▶ Your assignment:
From the line that contains "Today I have" to the end of the entries, copy each line exactly, though the pictures stay out.
(Supplied entries begins)
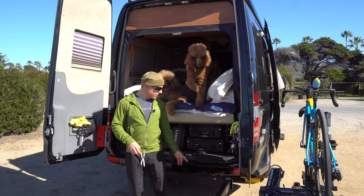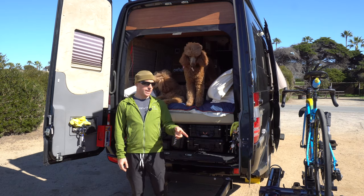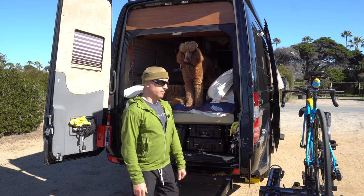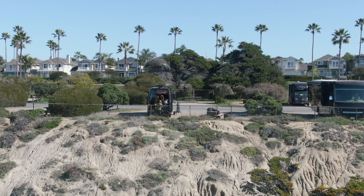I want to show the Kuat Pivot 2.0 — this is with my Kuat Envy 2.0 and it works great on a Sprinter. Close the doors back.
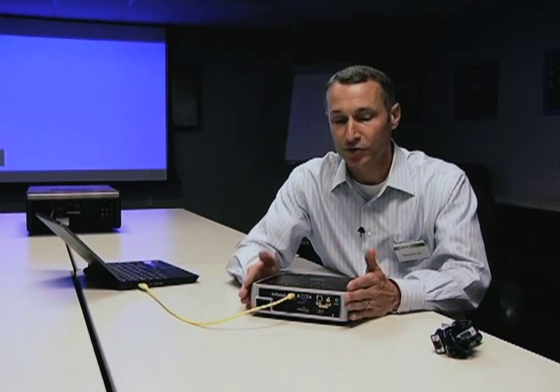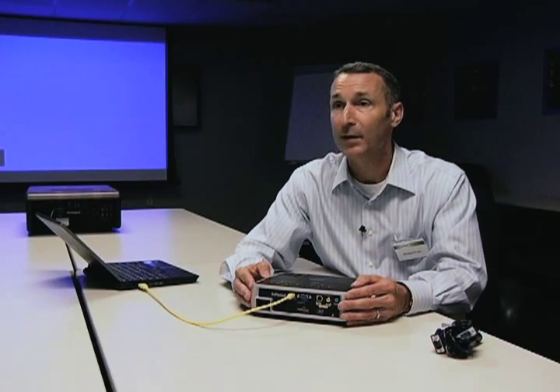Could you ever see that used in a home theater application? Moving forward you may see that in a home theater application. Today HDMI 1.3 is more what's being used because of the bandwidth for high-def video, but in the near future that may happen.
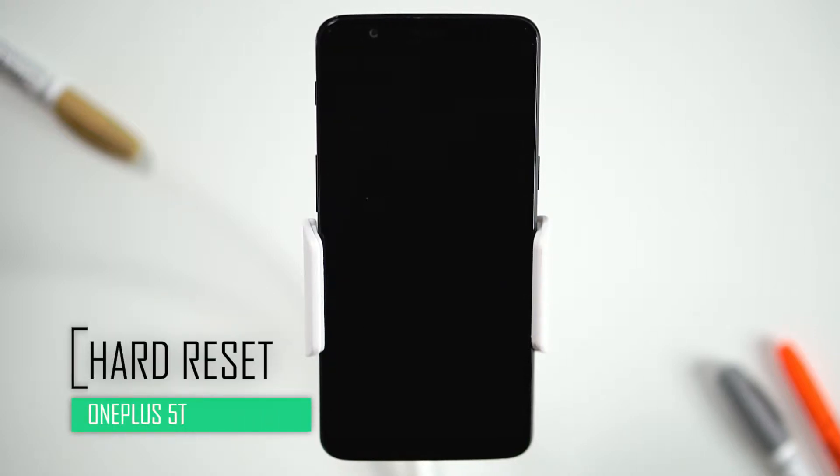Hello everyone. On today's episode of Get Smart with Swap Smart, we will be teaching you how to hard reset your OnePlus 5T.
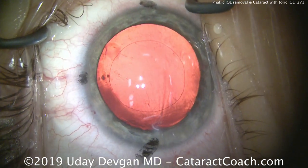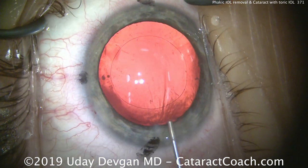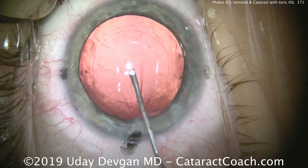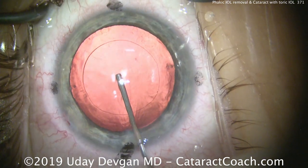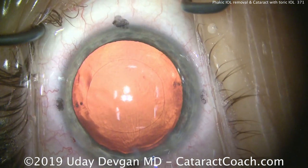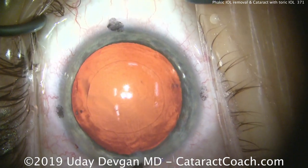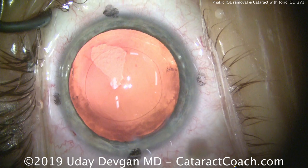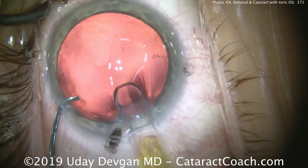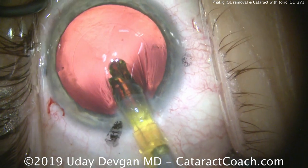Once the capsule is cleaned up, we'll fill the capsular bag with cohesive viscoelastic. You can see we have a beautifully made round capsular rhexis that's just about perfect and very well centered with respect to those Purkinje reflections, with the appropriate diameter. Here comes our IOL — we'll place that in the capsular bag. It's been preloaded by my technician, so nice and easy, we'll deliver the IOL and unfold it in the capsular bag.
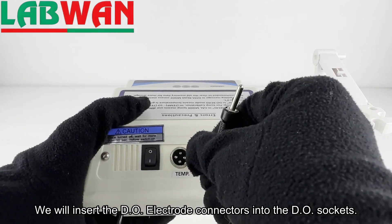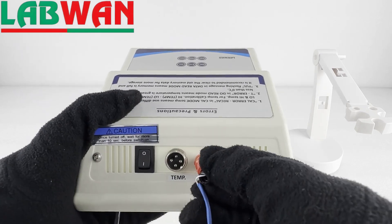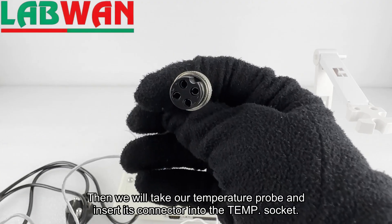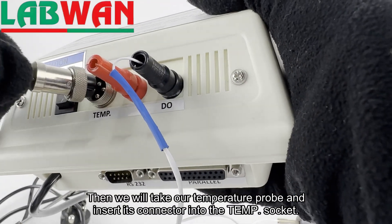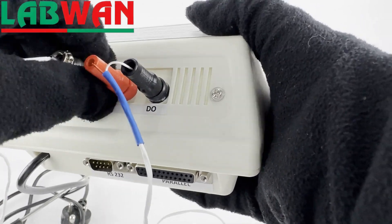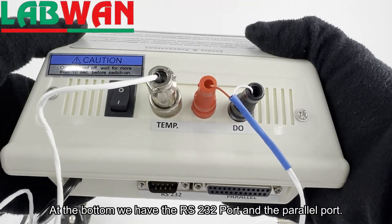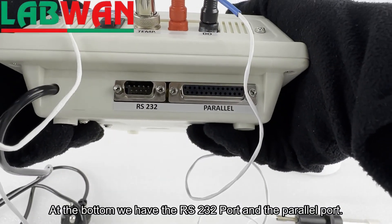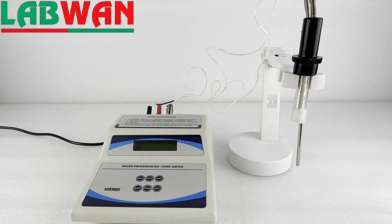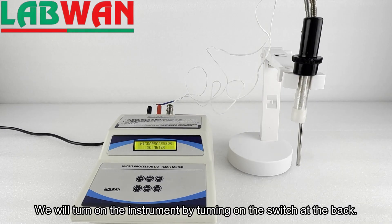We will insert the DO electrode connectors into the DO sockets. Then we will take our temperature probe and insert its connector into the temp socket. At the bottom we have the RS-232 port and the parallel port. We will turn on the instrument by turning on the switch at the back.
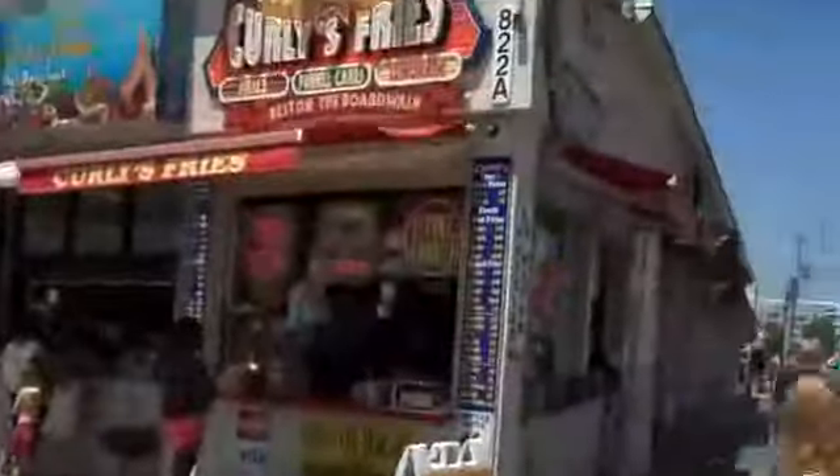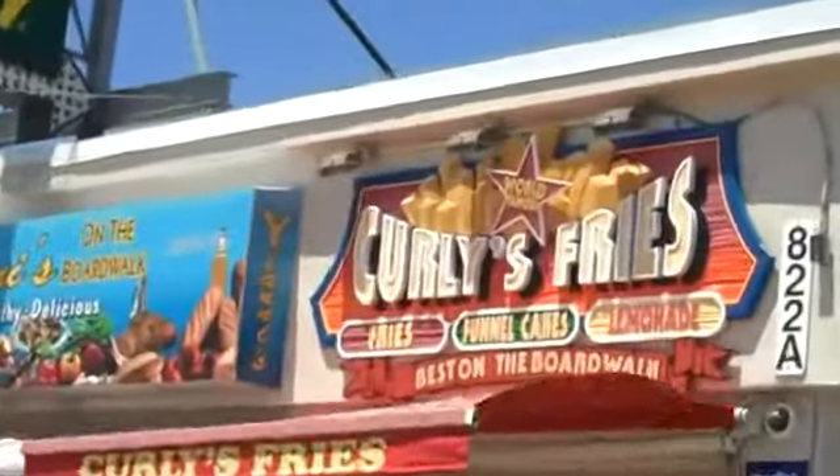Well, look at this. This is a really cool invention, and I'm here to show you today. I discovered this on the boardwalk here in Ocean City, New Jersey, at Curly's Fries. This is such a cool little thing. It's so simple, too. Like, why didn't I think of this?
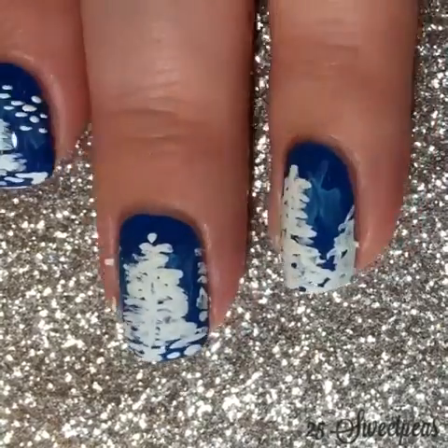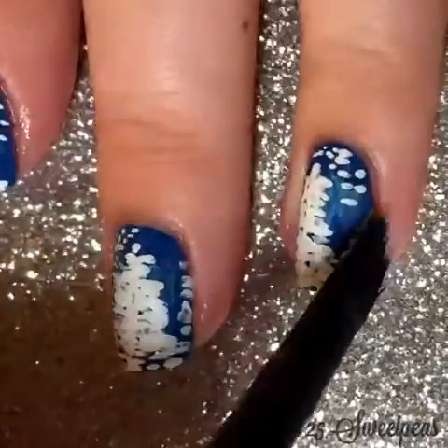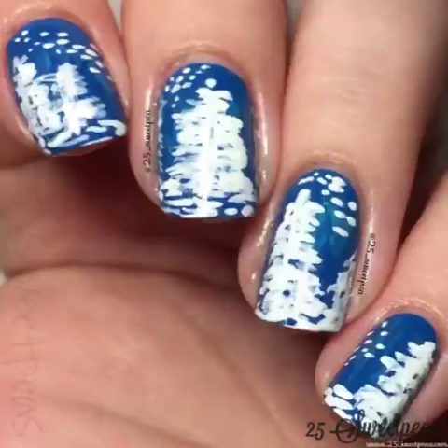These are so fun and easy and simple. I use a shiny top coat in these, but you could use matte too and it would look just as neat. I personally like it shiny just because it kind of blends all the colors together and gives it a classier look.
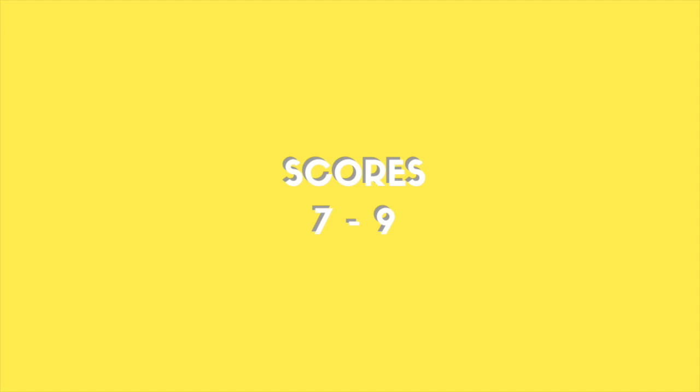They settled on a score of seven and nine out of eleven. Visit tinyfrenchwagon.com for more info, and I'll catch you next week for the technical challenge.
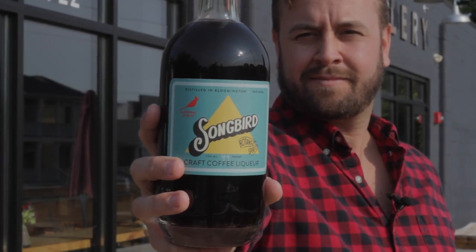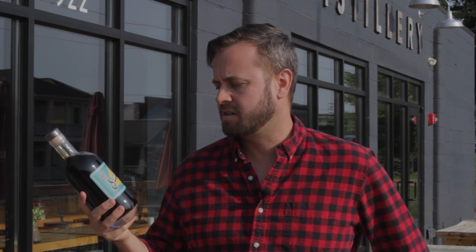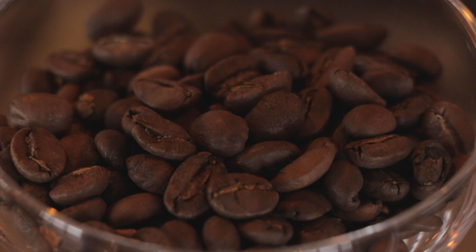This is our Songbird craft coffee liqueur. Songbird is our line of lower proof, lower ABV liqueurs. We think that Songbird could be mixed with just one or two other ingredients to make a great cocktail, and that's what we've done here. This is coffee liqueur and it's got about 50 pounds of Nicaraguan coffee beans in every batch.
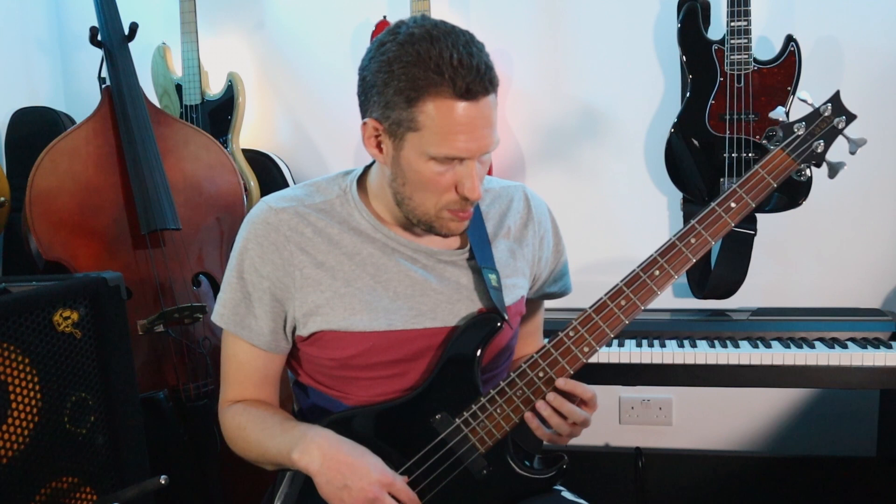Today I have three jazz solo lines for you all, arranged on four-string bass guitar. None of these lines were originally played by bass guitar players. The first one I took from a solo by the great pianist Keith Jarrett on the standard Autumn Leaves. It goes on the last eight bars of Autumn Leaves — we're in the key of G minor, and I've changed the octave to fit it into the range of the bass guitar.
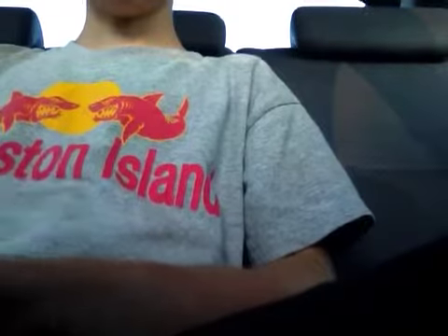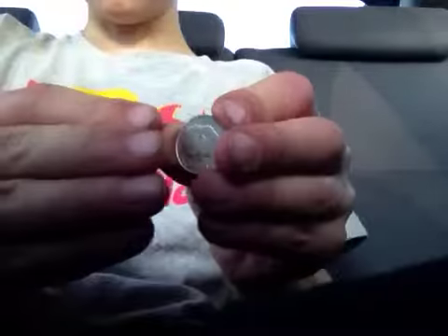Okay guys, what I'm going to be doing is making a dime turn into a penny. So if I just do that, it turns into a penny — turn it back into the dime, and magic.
(Supplied entries ends)
▶ Response to this task:
Today I have three jazz solo lines for you all, arranged on four-string bass guitar. None of these lines were originally played by bass guitar players. The first one I took from a solo by the great pianist Keith Jarrett on the standard Autumn Leaves. It goes on the last eight bars of Autumn Leaves — we're in the key of G minor, and I've changed the octave to fit it into the range of the bass guitar.
Okay guys, what I'm going to be doing is making a dime turn into a penny. So if I just do that, it turns into a penny — turn it back into the dime, and magic.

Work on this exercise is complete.